[swift-evolution] Feature proposal: Range operator with step

Shawn Erickson shawnce at gmail.com
Wed Apr 6 15:43:25 CDT 2016


On Wed, Apr 6, 2016 at 1:29 PM Pyry Jahkola via swift-evolution <
swift-evolution at swift.org> wrote:

>
> On 06 Apr 2016, at 23:17, Dave Abrahams via swift-evolution <
> swift-evolution at swift.org> wrote:
>
> I don't think you can fix counterintuitive behavior with guidance.
>
> (1..<199).striding(by: -2) is the first way I'd reach for to express
> 197, 195, ..., 3, 1
>
>
> I think a sensible specification would be that with a positive step size,
> the count starts from the lower bound, and with a negative one, it starts
> from the upper bound (inclusive or exclusive). Thus, the following examples
> should cover all the corner cases:
>
>     (0 ... 9).striding(by: 2) == [0, 2, 4, 6, 8]
>     (0 ..< 9).striding(by: 2) == [0, 2, 4, 6, 8]
>     (0 <.. 9).striding(by: 2) ==    [2, 4, 6, 8]
>     (0 <.< 9).striding(by: 2) ==    [2, 4, 6, 8]
>
>     (0 ... 9).striding(by: 3) == [0, 3, 6, 9]
>     (0 ..< 9).striding(by: 3) == [0, 3, 6]
>     (0 <.. 9).striding(by: 3) ==    [3, 6, 9]
>     (0 <.< 9).striding(by: 3) ==    [3, 6]
>
>     (0 ... 9).striding(by: -2) == [9, 7, 5, 3, 1]
>     (0 ..< 9).striding(by: -2) ==    [7, 5, 3, 1]
>     (0 <.. 9).striding(by: -2) == [9, 7, 5, 3, 1]
>     (0 <.< 9).striding(by: -2) ==    [7, 5, 3, 1]
>
>     (0 ... 9).striding(by: -3) == [9, 6, 3, 0]
>     (0 ..< 9).striding(by: -3) ==    [6, 3, 0]
>     (0 <.. 9).striding(by: -3) == [9, 6, 3]
>     (0 <.< 9).striding(by: -3) ==    [6, 3]
>
> Lastly, if you want the positive stride reversed, you'd do just that:
>
>     (0 ... 9).striding(by: 2).reverse() == [8, 6, 4, 2, 0]
>

I have always desired for a complete set of range variants like you
outlined above.
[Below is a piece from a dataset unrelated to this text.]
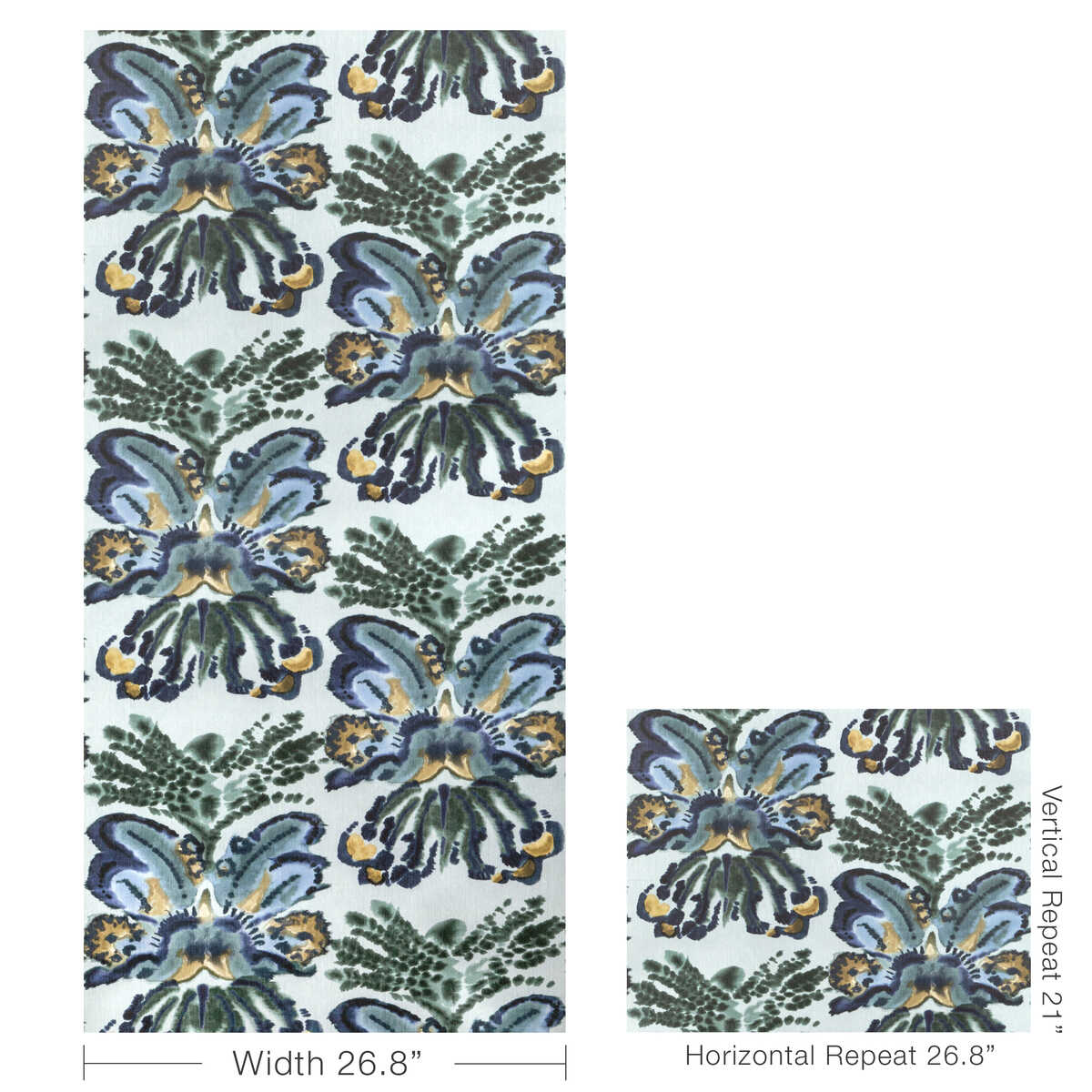 Rorschach Wp - Stormcloud - KRAVET COUTURE Wallpaper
I don't have current examples warranting a complete set but
I could easily see having to work on a data set that may be best done by
having a complete set of range variants so you don't need to transform the
data set to get it to work with the language you happen to be using. It
also better supports floating point ranges which may not have easy ways to
transform the data.

I also like the suggestion of how striding and reverse should work.